= Self-working magic =

Magic that works by a fixed procedure

The illusionist sums the first number on each card on which the target number appears. In [ the SVG file,] click a card to toggle it.

Self-working magic is a commonly used term in magic to refer to tricks that work simply from following a fixed procedure, rather than relying on trickery, sleight-of-hand, or other hidden moves.

==Description==

The term "self-working" has come into common usage in the world of magic as a reference to tricks that do not require sleight of hand or secret moves. For example, Glenn Gravatt compiled numerous such tricks in his book Encyclopedia of Self-working Card Tricks (1936), which was later compiled with Second Encyclopedia of Card Tricks (1936) to create Jean Hugard's classic text Encyclopedia of Card Tricks in 1937. Strictly speaking no magic is "self-working", since tricks still need to be performed and presented correctly, and so some writers prefer the term "auto-magic", which was popularized by Michael Breggar in his monthly "Auto-Magic" column in The Linking Ring.

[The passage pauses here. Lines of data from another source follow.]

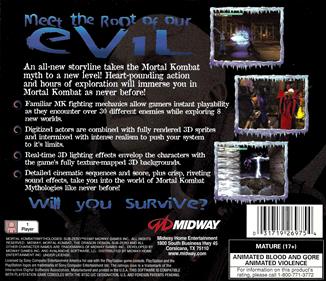 Mortal Kombat Mythologies: Sub-Zero - Box - Back Image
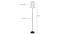 Rupert Black Cotton Shade Floor Lamp (White) by Urban Ladder - Design 1 Dimension - 494340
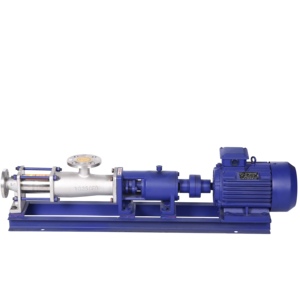 Bomba de transferencia de lodos de acero inoxidable de 1 pulgada para alimentos, tipo tornillo G20-2, para importación y exportación - Product Image 1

Many self-working card tricks rely on mathematical principles, and can be replicated by following the steps correctly. A simple example is the trick "Magical 13", where a deck of playing cards is secretly set up with all the suits in order. Because cards of the same value are exactly 13 away from each other in this prearranged order, the spectator can cut the deck as often as they like, but when they deal the deck into 13 piles, each pile will consist of four cards with exactly the same value.

Some consider optical illusions and some science demonstrations, where the wonder comes from unexpectedness of a natural phenomenon, to fall into the category of self-working magic as well.

==Examples==

Explanation of the Piano Trick:

Some card tricks are self-working, one of the most notable examples being Out Of This World (1942) by Paul Curry.

Many people are first introduced to performing magic via self-working card tricks. Some of the most widely known self-working card tricks include the Twenty-One Card Trick, The Four Robbers, The Piano Trick, Spectator Cuts To The Aces, The Spelling Bee, The Circus Card Trick, and Do As I Do.

==Resources==

Classic texts on self-working tricks include Scarne on Card Tricks (1950) by John Scarne, Self-Working Card Tricks (1976) and similar books by Karl Fulves published by Dover Publications, and the Card College Light trilogy by Roberto Giobbi.